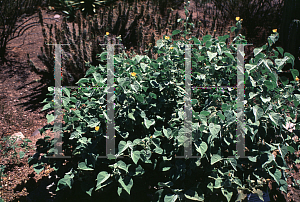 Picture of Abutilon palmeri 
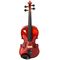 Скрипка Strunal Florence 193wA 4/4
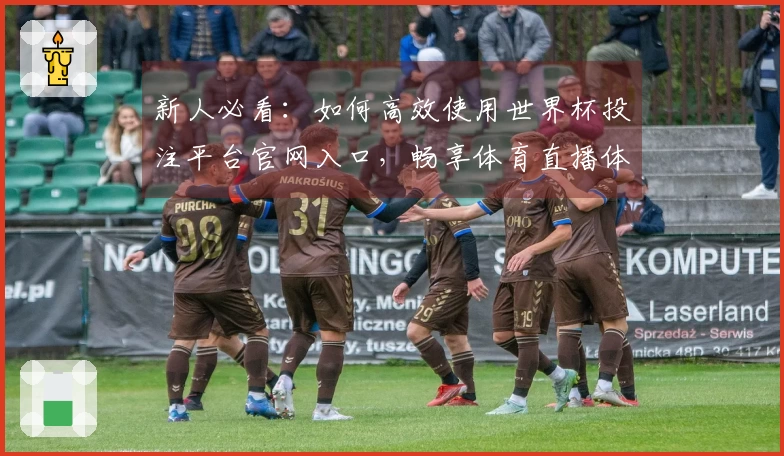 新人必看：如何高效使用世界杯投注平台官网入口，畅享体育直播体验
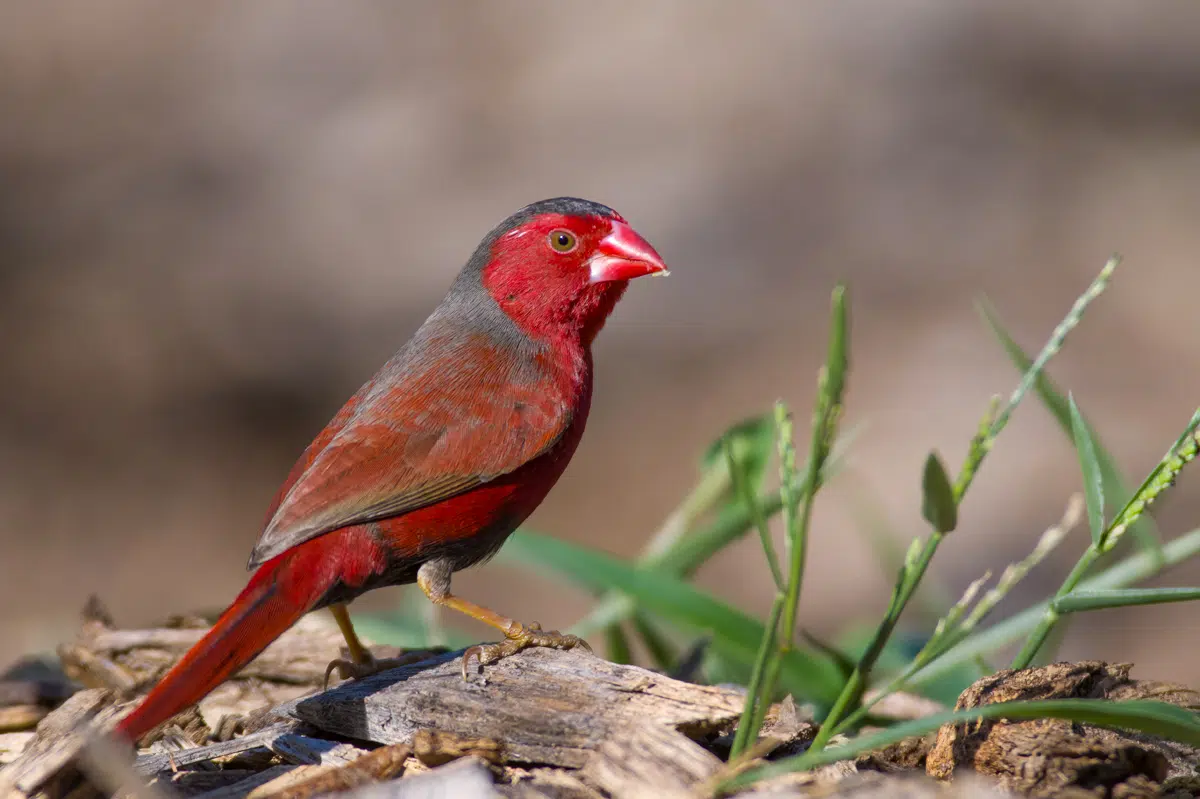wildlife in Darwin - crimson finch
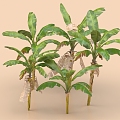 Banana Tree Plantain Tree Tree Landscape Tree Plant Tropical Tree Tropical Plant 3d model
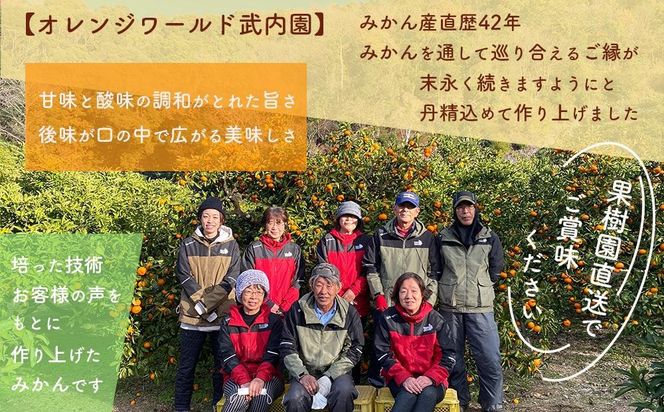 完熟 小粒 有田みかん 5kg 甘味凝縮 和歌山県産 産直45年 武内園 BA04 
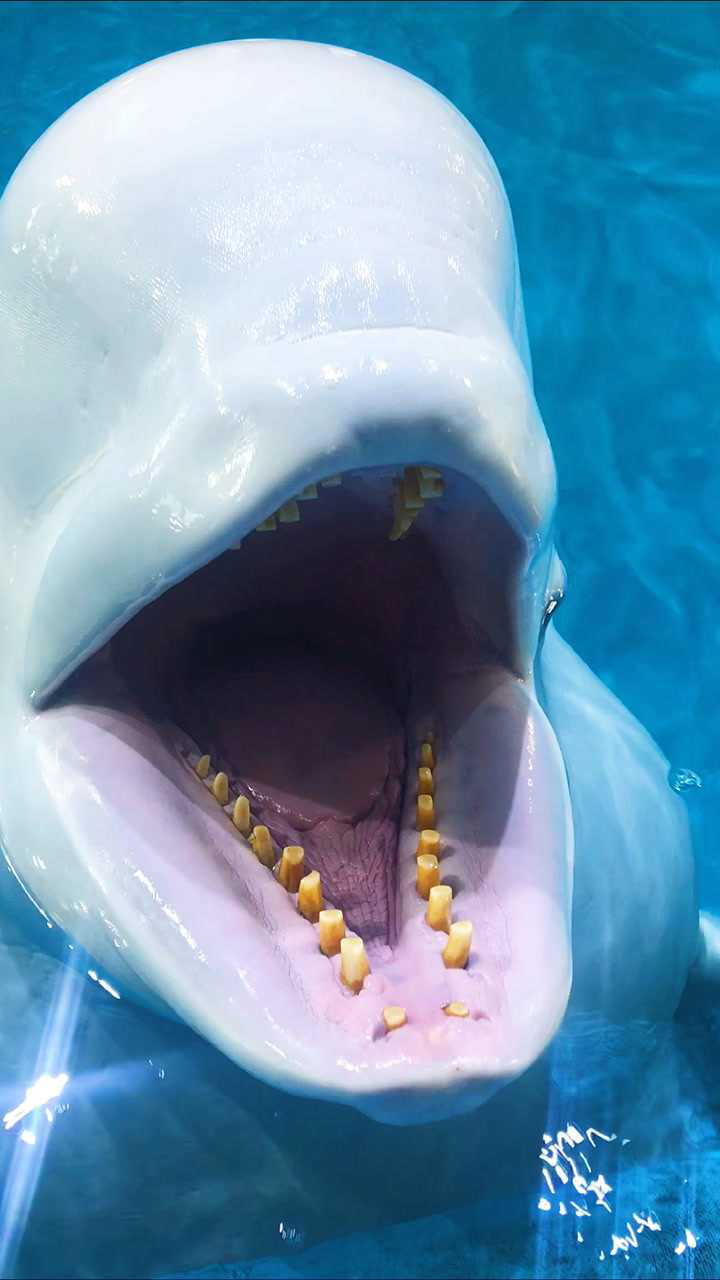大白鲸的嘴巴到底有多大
---
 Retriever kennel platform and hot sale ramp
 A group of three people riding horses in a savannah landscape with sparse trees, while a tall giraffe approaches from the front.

§ **INSTRUCTIONS TO FOLLOW**:
Using the listing above, reproduce word for word every line from the one containing "Banana Tree Plantain" through the one containing "大白鲸的嘴巴到底有多大". Pictures must be left out.

§ **SOLUTION**:
 Banana Tree Plantain Tree Tree Landscape Tree Plant Tropical Tree Tropical Plant 3d model
 完熟 小粒 有田みかん 5kg 甘味凝縮 和歌山県産 産直45年 武内園 BA04 
大白鲸的嘴巴到底有多大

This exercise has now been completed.